A bevy of powerful placards and slogans hovered over streets around the country last weekend at the Women’s March 2020, continuing a tradition that had begun in 2017 as a response to the election of the 45th President of the United States. And while “Trump Is Not My President” remains a perennial theme, the march tackles more: “Shed (Uterus) Walls, Don’t Build Them,” “Nobody is Illegal on Stolen Land” and recently, “No Forced Births.”

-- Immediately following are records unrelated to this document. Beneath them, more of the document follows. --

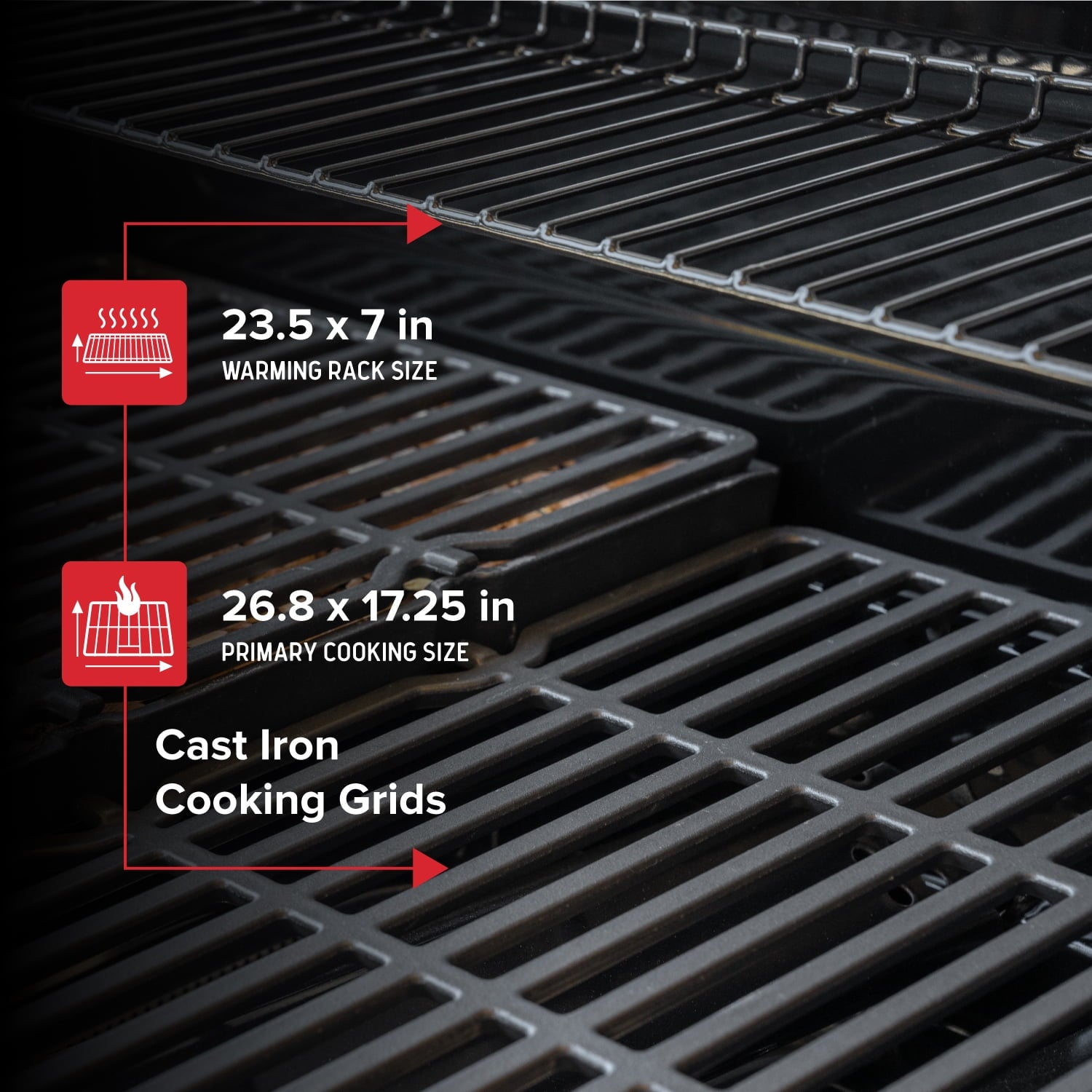 Nexgrill 4-Burner Dual Fuel Gas Grill with Side Burner and Griddle Insert, 627 SQ In Total Cooking Space, 59,000 BTUs Output, BBQ Grill Perfect for Outdoor Gatherings - 720-0958HE Gas Grills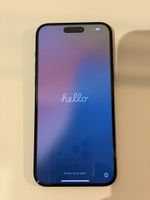 iPhone 15 Plus 128 GB Schwarz | 94 % Akku | OVP + Zubehör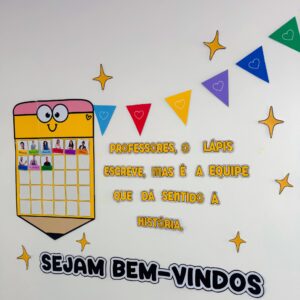 Retorno dos Professores – Lápis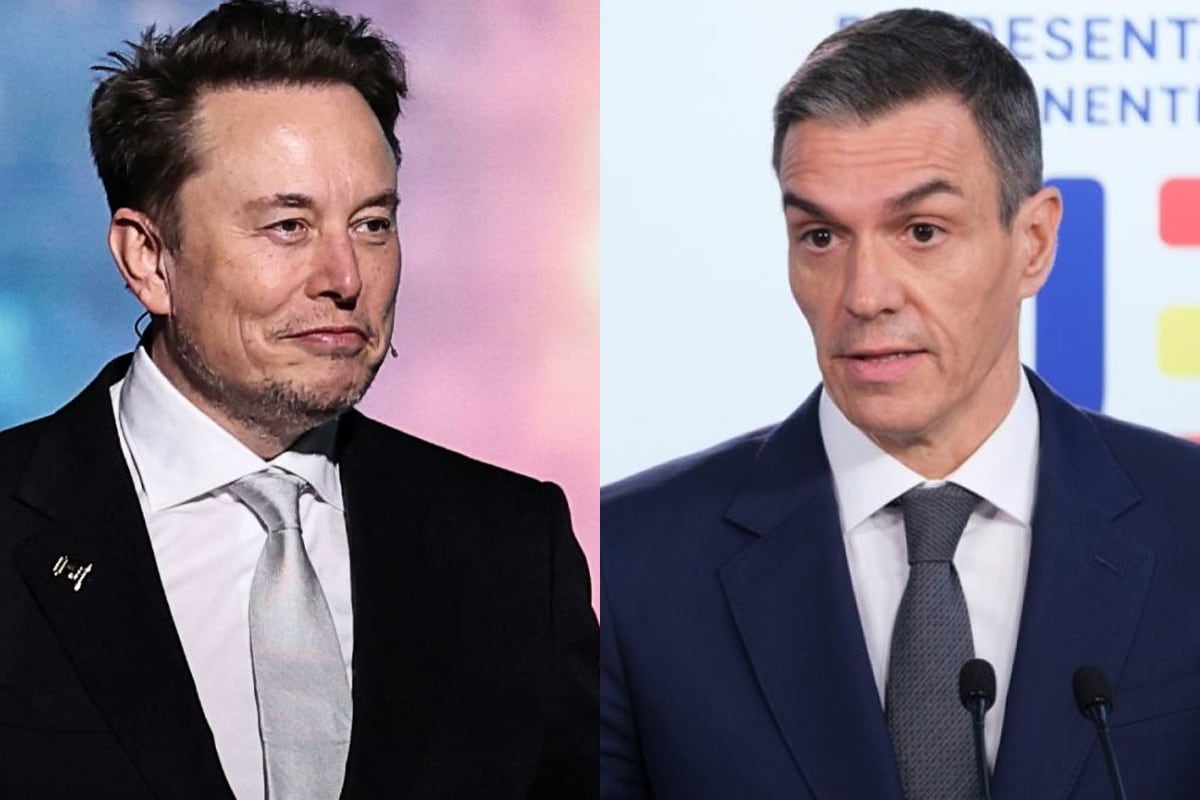 Pedro Sanchez Elon Musk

It may then seem ridiculous for the National Archives and Records Administration to alter an archival photograph of protesters by blurring out anything that seemed critical of Trump. Mario Tama’s original 2017 photograph packed 500,000 protestors in front of the Capitol with clear messages: “God Hates Trump,” being one of them. The altered version, which was used to welcome guests to an exhibit entitled “Rightfully Hers: American Women and the Vote,” blurred out ‘Trump’ and other words (read: Pussy Grabs Back) that the Archives deemed obscenities.
Spokeswoman Miriam Kleiman said to The Washington Post, “As a non-partisan, non-political federal agency, we blurred references to the President’s name on some posters, so as not to engage in current political controversy.” The statement further explained that the attendees of the exhibit were largely students, and that the altered images removed words or blurred parts of the photograph that were perceived inappropriate. Considering the organization is independent of the government and is responsible for facilitating public access to the documents it carries, the NARA definitely needs to stay apolitical while being credible. Making digital adjustments to the photograph misrepresents the event and what it stood for, imposing a moral code that shouldn’t apply to historical facts. It also completely erases the message protestors were trying to have heard, generalizing the event into a non-specific feminist protest. The alterations also beg the question – how reliable is the NARA and the documents they have on display?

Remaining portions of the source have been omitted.